Mild toxic reactions may present as dizziness, verbosity, drowsiness, chills, anxiety, agitation, and disorientation. Early manifestations are mainly excitatory (e.g., elevated blood pressure and increased heart rate), as inhibitory neurons in the CNS tend to be suppressed more easily than excitatory ones.

As toxicity progresses, tremors of the facial muscles and limbs, loss of consciousness, seizures, or convulsions may occur, leading to respiratory and circulatory failure in severe cases. Although local anesthetics primarily inhibit the nervous system, tremors and convulsions may reflect an imbalance in CNS inhibition caused by the drug.

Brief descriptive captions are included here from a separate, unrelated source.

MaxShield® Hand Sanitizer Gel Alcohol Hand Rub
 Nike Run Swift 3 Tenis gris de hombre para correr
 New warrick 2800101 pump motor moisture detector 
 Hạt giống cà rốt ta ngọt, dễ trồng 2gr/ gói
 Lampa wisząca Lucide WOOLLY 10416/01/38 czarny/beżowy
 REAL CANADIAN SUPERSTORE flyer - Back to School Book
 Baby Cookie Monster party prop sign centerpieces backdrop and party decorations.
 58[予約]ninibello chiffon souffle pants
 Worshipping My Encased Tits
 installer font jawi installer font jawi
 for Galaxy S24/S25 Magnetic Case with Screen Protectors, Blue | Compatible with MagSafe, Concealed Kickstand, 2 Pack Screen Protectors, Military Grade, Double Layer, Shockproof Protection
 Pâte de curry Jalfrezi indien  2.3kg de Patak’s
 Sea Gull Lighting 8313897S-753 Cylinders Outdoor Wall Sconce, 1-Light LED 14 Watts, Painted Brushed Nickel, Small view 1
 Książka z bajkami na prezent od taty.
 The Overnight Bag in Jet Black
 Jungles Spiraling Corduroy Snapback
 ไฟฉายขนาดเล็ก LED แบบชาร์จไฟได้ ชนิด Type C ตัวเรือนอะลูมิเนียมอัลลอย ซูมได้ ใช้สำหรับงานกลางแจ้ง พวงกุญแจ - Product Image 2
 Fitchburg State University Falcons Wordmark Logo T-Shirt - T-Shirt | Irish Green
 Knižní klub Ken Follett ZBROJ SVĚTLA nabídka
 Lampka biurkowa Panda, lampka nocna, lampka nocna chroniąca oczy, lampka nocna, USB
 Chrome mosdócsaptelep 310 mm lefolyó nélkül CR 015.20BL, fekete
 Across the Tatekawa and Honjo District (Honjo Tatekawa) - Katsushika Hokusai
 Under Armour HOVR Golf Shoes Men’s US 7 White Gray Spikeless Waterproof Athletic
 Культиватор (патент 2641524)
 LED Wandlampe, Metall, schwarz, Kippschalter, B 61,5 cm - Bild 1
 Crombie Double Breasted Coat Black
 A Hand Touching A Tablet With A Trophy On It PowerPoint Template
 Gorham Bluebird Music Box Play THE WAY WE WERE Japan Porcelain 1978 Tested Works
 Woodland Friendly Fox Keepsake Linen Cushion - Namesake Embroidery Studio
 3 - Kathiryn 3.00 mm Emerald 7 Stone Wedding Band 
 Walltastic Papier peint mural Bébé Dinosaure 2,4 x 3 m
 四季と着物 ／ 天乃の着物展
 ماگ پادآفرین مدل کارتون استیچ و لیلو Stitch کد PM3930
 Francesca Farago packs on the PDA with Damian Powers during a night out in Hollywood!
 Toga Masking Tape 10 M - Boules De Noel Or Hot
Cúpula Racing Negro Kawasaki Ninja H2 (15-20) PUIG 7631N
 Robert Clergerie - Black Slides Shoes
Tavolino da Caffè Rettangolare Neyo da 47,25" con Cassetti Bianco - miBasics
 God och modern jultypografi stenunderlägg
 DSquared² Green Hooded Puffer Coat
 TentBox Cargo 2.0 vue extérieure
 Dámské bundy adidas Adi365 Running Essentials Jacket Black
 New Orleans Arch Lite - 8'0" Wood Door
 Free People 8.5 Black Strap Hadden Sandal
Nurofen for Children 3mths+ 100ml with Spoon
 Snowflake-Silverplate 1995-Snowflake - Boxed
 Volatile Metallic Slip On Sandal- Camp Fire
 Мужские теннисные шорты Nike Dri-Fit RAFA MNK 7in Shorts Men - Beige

Further increases in plasma concentration result in widespread CNS depression. Cardiovascular toxicity manifests as blockage of sympathetic or parasympathetic nerve fibers, leading to widespread vasodilation, reduced myocardial contractility, bradycardia, atrioventricular block, decreased cardiac output, hypotension, and in extreme cases, cardiac arrest.

Prevention and Treatment

Prevention

The total drug dose must remain within the recommended limit. Aspiration should be performed prior to injection to confirm that the needle is not in a blood vessel. Dosages should be reduced based on the injection site and individual patient factors. Epinephrine can be added to the drug solution in appropriate amounts, and benzodiazepines can be given as premedication to reduce the risk of seizures.

Treatment

Upon the occurrence of toxic reactions, the administration of local anesthetics should be immediately discontinued, and oxygen should be provided. For mild toxic reactions, intravenous diazepam at 0.1 mg/kg or 3–5 mg of midazolam can be administered to prevent and control seizures. For recurrent convulsions, an additional intravenous dose of 3–5 mg midazolam may be given. If endotracheal intubation is feasible, intravenous succinylcholine at 1–2 mg/kg can be used to control respiration. Hypotension may be managed with norepinephrine combined with fluid resuscitation, while atropine can be administered intravenously to address bradycardia. In the event of cardiac arrest, cardiopulmonary resuscitation (CPR) should be initiated without delay. Lipid emulsion therapy with 20% fat emulsion can also be used to treat local anesthetic toxicity, employing a loading dose of 1.5 mL/kg via intravenous injection over one minute, followed by a maintenance infusion at 0.25 mL/(kg·min). Infusion should continue for 10 minutes after circulatory stability is achieved.

Allergic Reactions

Allergic reactions are more common with ester-type local anesthetics and are rare with amide-type agents. Cross-reactivity may occur among drugs within the same class of local anesthetics. Occasionally, reactions related to the addition of epinephrine may resemble local anesthetic toxicity and lead to misdiagnosis as an allergic reaction.

Clinical Manifestations

Symptoms can arise after administering even a small amount of the local anesthetic, including urticaria, pharyngeal edema, bronchospasm, hypotension, or angioneurotic edema. Severe reactions can pose a threat to the patient's life. A careful inquiry into the patient’s allergy history and close monitoring during anesthesia are crucial.

Treatment

Upon the occurrence of an allergic reaction, the drug administration should be stopped immediately. Airway patency should be maintained, and oxygen should be provided. Circulatory stability must be maintained with appropriate fluid supplementation. In emergency situations, vasopressors may be employed. Corticosteroids and antihistamines can be used as adjunctive treatments, though their prophylactic efficacy is debatable. Skin testing for predicting allergic reactions to local anesthetics has limited reliability, with a false positive rate as high as 40%. Routine skin testing is therefore unnecessary. If a patient has a history of allergy to ester-type local anesthetics, amide-type agents may be considered as alternatives.